In summation, I’d like to make some additional points. First, baptism is never given in Scripture as a COMMAND to Christians except in Acts 2:38 when Peter tells the Jews to “repent and be baptized.” This is the ONLY place where we are commanded to be baptized. So since we are told to, we should be. Yet this should never be construed as a command to all new Christians as a requirement for salvation. The New Testament makes this blatantly clear. What would happen if I were on the battlefield and I accepted Jesus and then was shot through the heart before I was baptized? As Scripture so plainly states, I would be saved, just as the people were in Acts 10 who received the Holy Spirit and spoke in tongues before they were baptized, and just as the thief on the cross was before he died (he was never baptized).

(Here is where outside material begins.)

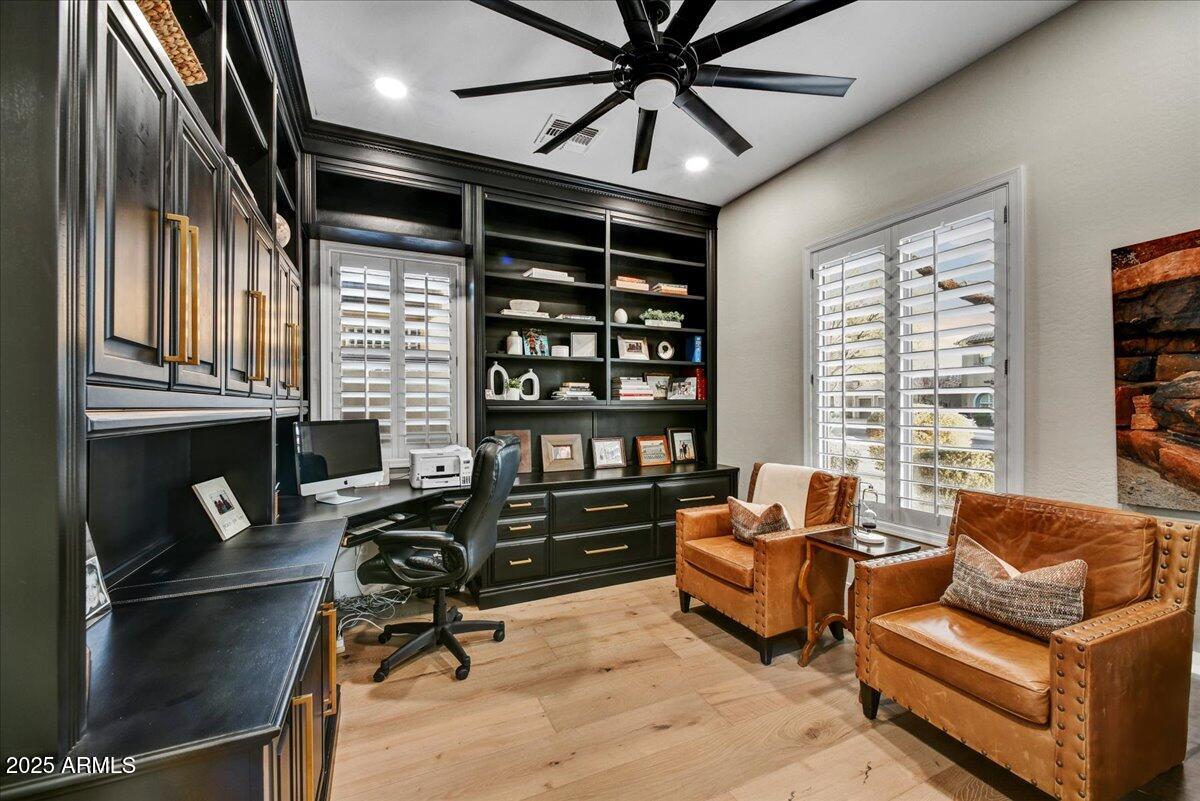 3812 E PARKSIDE Lane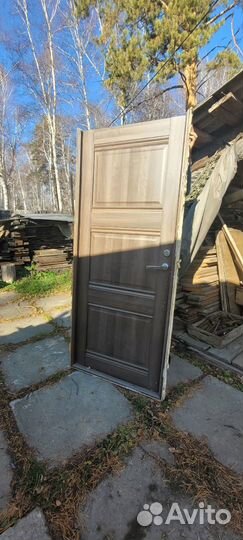 Двери межкомнатные 2 штуки 700 и 800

In addition, why did Paul tell his readers in such certain terms that he wasn’t called to baptize, but to preach? Look at this verse:
I thank God that I baptized none of you except Crispus and Gaius, lest anone should say that I had baptized in my own name. Yes I also baptized the household of Stephanus. Besides, I do not know whether I baptized any other. For Christ did not send me to baptize, but to preach the gospel, not with wisdom and words, lest the cross of Christ be made of no effect.
I Corinthians 1:13-17
Paul tells us that Jesus didn’t call him to baptize (is Paul negating the Great Commission here? I think not!) but to preach. And Paul says he only baptized a few people. And thank goodness for that, he says, because otherwise people might be saying they were baptized in the name of Paul. The Great Commission is in Matthew 28:19,20 records Jesus’ words to his disciples to “go and make disciples of all the nations, baptizing them in the name of the Father and of the Son and of the Holy Spirit . . .” This certainly doesn’t say we need to be baptized to be saved. And why did Paul say he wasn’t called to baptize? It must be because the church as a whole is called to baptize, not us as individuals. How could a wheelchair-bound person baptize someone? Yet we have many Christians who are in wheelchairs. And we have many Christians who are invalids as well. Are they disobeying Jesus’ command to baptize? I don’t think so. Jesus Himself baptized none. And then the kicker . . . why would Paul leave 99% of his converts half-saved, or, according to some, not saved at all? If baptism were a requirement for salvation, then the majority of people Paul preached to never entered the kingdom of heaven, because, as Paul says himself, he only baptized Crispus, Gaius, and the household of Stephanus. Paul, in his zealousnous for preaching the gospel, and in his obsession for detail, would not leave so many people unsaved.
My hope is that this study has given you a glimpse of the truth of our great God and Savior, Jesus Christ. He lives today and He loves you. Believe in Him, and in His words, and you will receive eternal life. That’s a promise we can all bank on.